Fokus Suku Bunga Jepang-Australia, Bursa Asia Naik Tipis
News
16 June 2026 08:00

Shikhar Balwani - Bloomberg News
Bloomberg, Bursa saham Asia bergerak menguat tipis pada perdagangan Selasa (16/6). Para pelaku pasar tengah mencermati kelanjutan reli positif yang dipicu oleh kesepakatan Amerika Serikat (AS) dan Iran untuk membuka kembali Selat Hormuz, sembari menanti keputusan suku bunga acuan di Australia dan Jepang.
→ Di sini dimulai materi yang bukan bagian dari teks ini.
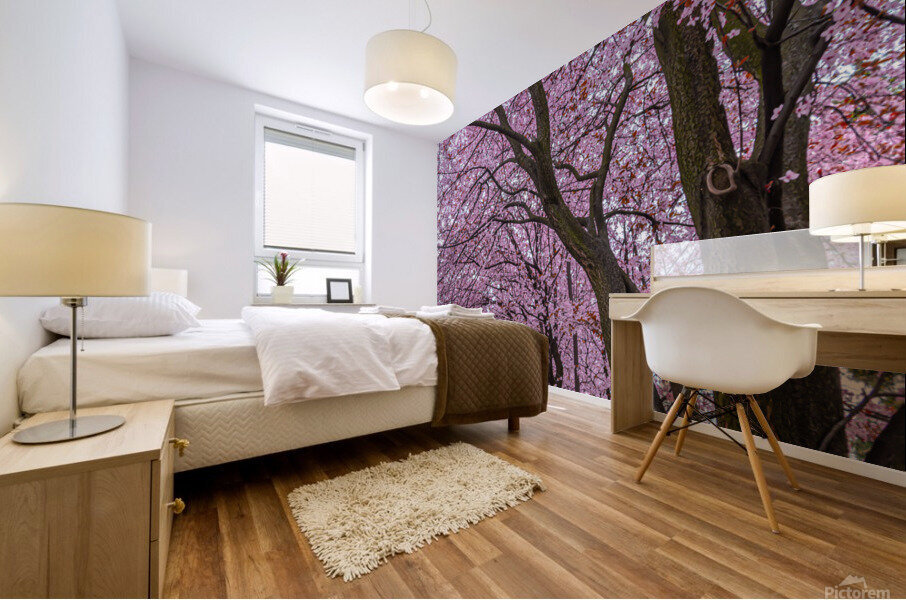 Cherry Plum Trees Mural print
Indeks acuan saham regional MSCI naik tipis 0,1% pada awal perdagangan, sementara kontrak berjangka (futures) saham AS bergerak sedikit melemah. Pergerakan ini terjadi setelah indeks S&P 500 melonjak 1,7% dan indeks Nasdaq 100 yang padat saham teknologi melesat 3,1% pada penutupan sebelumnya. Di pasar komoditas, minyak mentah jenis Brent naik 0,6% mendekati level US$84 per barel, setelah sempat mencatatkan penurunan terdalamnya dalam lebih dari dua pekan pada hari Senin.
Dari pasar valuta asing, mata uang dolar Australia bergerak melemah tipis terhadap dolar AS. Bank Sentral Australia (RBA) diperkirakan akan mempertahankan suku bunga utamanya untuk pertama kalinya pada tahun ini. Di sisi lain, yen Jepang terpantau stabil karena Bank Sentral Jepang (BOJ) diproyeksikan secara luas akan menaikkan suku bunga acuan mereka ke level tertinggi sejak tahun 1995.
Pasar saham dan obligasi global kompak menguat pada hari Senin lalu setelah pakta damai AS-Iran memicu penurunan harga minyak. Kesepakatan ini sekaligus membangkitkan harapan bahwa perang yang telah mengguncang pasar sejak akhir Februari lalu tersebut mungkin akan segera berakhir. Kendati demikian, para investor terus memantau perkembangan di Timur Tengah untuk melihat tanda-tanda apakah lalu lintas pelayaran di Selat Hormuz mulai kembali normal dan apakah perjanjian damai ini akan bertahan lama.